Supplied material:
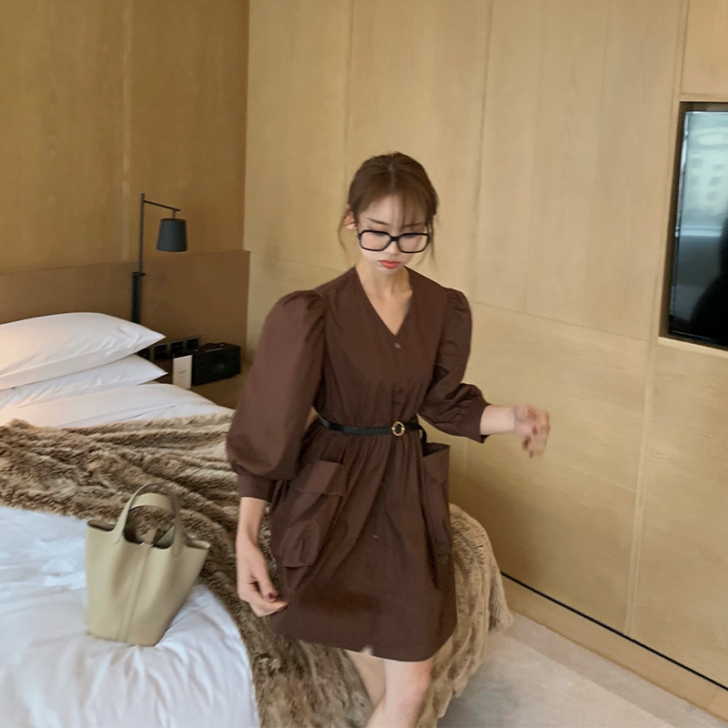 买三免一/法式复古衬衫式连衣裙女2020春...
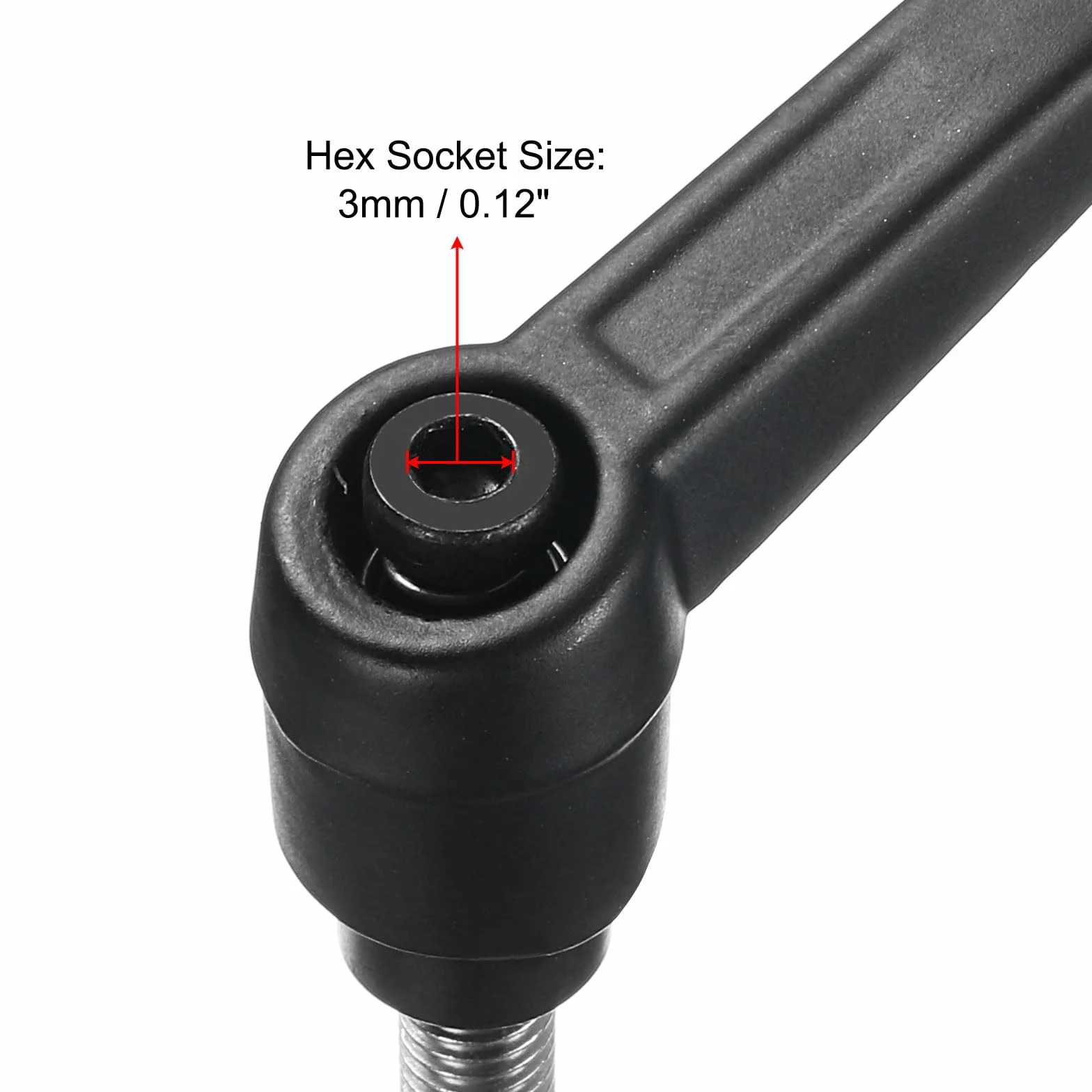 QUARKZMAN manopole regolabili M6 x 55 mm acciaio inox 304 con leva di bloccaggio nero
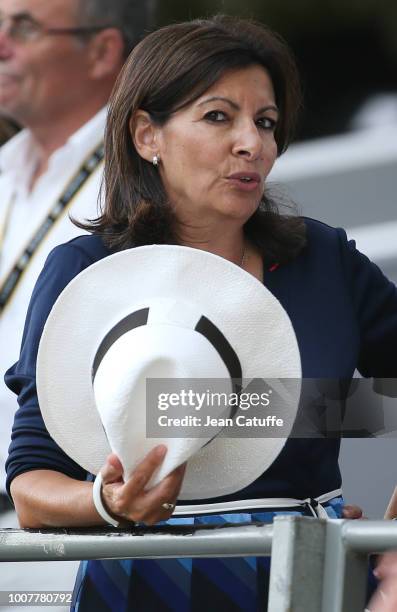 Mayor of Paris Anne Hidalgo during the podium ceremony following stage 21 of Le Tour de France 2018 between Houilles and Paris, avenue des...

Problem requirements:
Please output the full listing above exactly, minus any pictures.

Result of this exercise:
 买三免一/法式复古衬衫式连衣裙女2020春...
 QUARKZMAN manopole regolabili M6 x 55 mm acciaio inox 304 con leva di bloccaggio nero
 Mayor of Paris Anne Hidalgo during the podium ceremony following stage 21 of Le Tour de France 2018 between Houilles and Paris, avenue des...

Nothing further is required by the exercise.